### What to do
Repeat the data that follows verbatim. Images are not part of the copy.

Image-text web data:
# # #
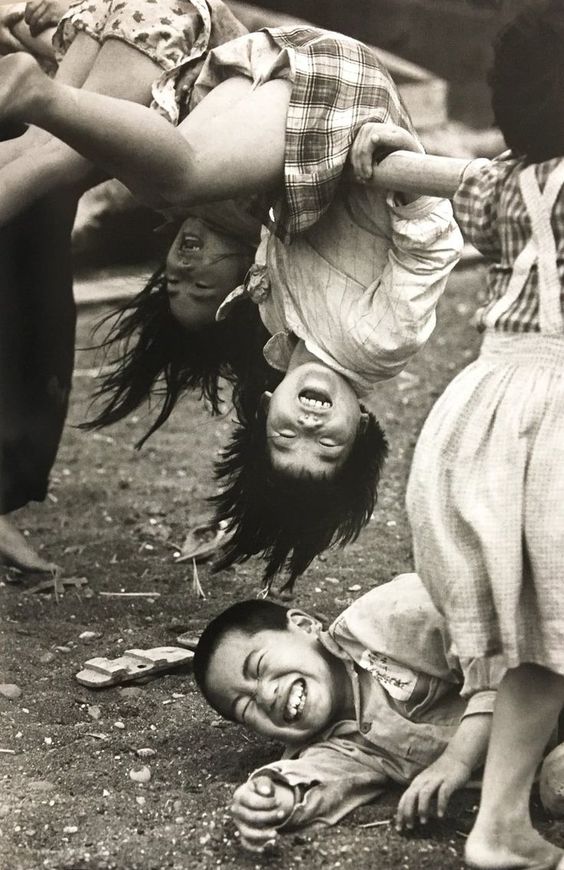 Children tumbling in 50s Japan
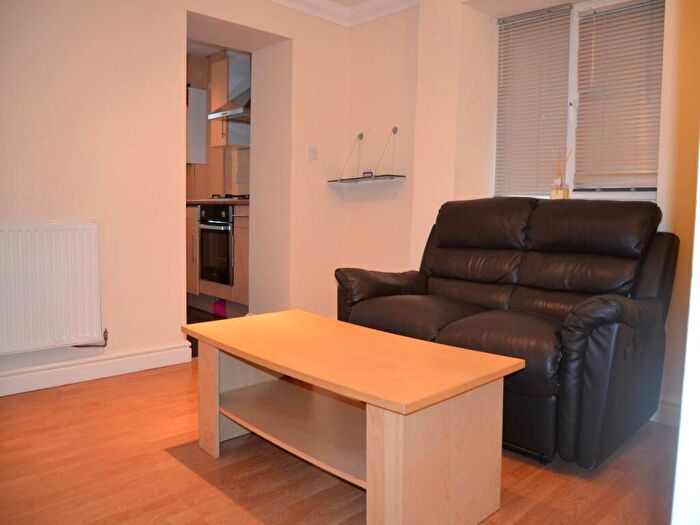 1 Bedroom Flat To Rent In Miskin Street, Cathays, Cardiff, CF24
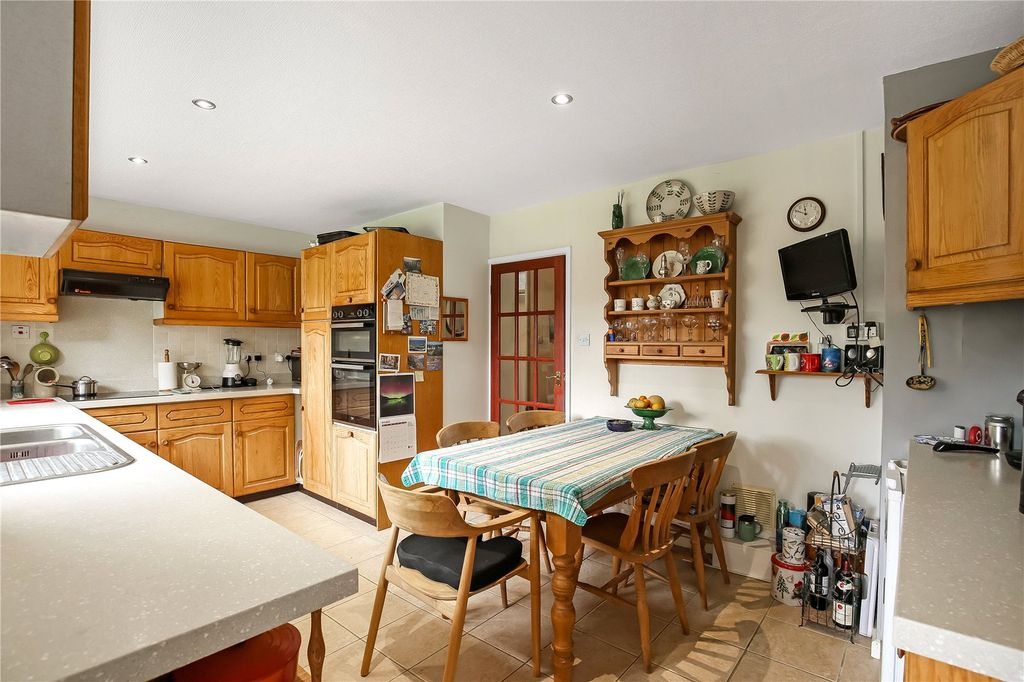 Additional image 6 of 4 bed bungalow for saleSaunders Lane, Awbridge, Romsey, Hampshire SO51
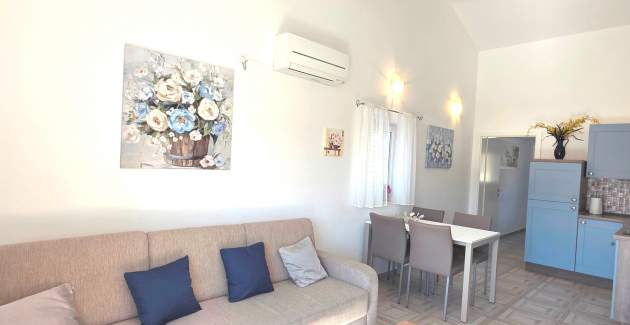 Appartamento Cugalj – con Balcone, al 2. Piano, a 300 m dalla Spiaggia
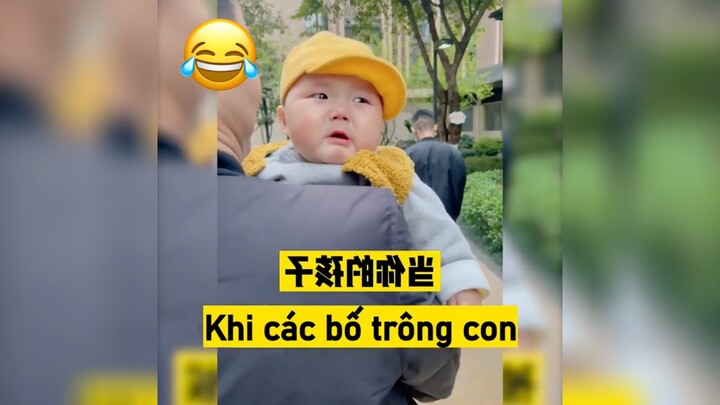 Khi các ông bố trông con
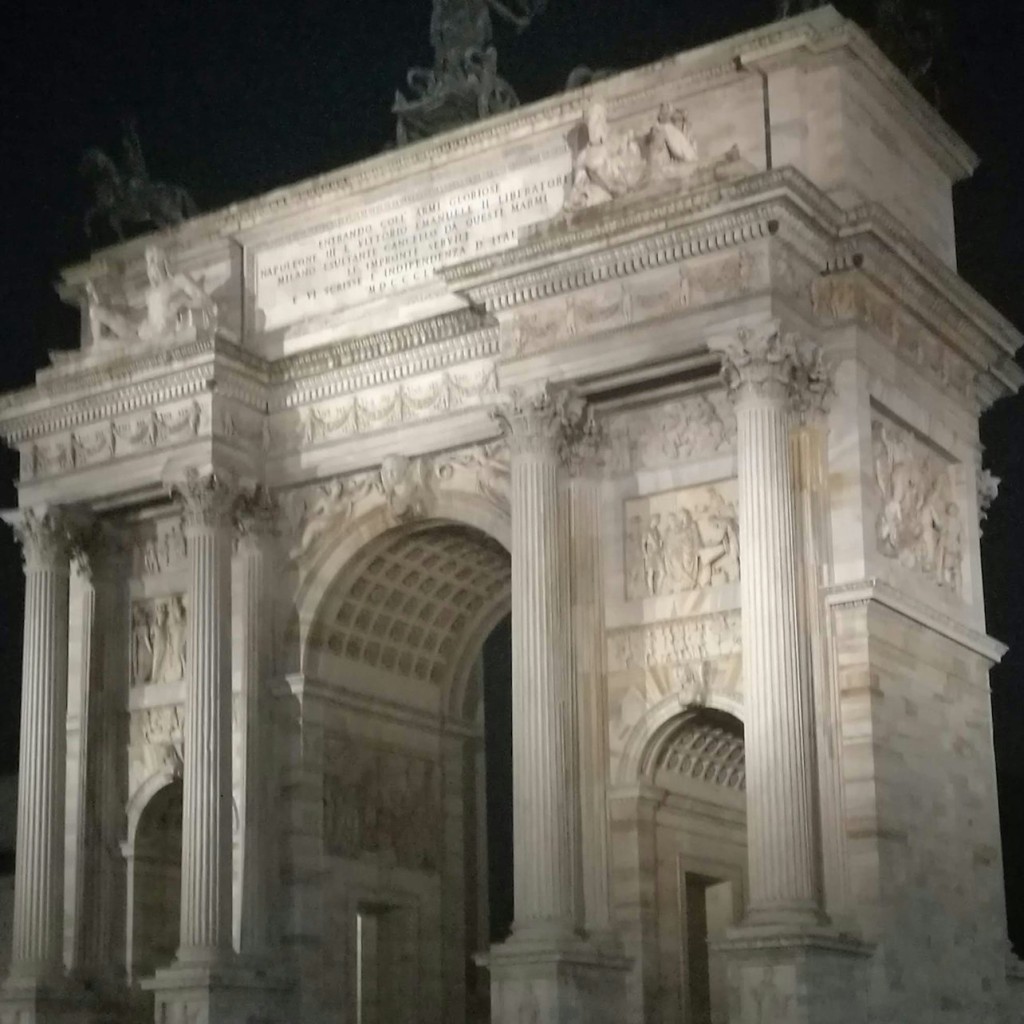 Milà: Tour nocturn a peu per a grups petits - 2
# # #
### Answer to the problem
 Children tumbling in 50s Japan
 1 Bedroom Flat To Rent In Miskin Street, Cathays, Cardiff, CF24
 Additional image 6 of 4 bed bungalow for saleSaunders Lane, Awbridge, Romsey, Hampshire SO51
 Appartamento Cugalj – con Balcone, al 2. Piano, a 300 m dalla Spiaggia
 Khi các ông bố trông con
 Milà: Tour nocturn a peu per a grups petits - 2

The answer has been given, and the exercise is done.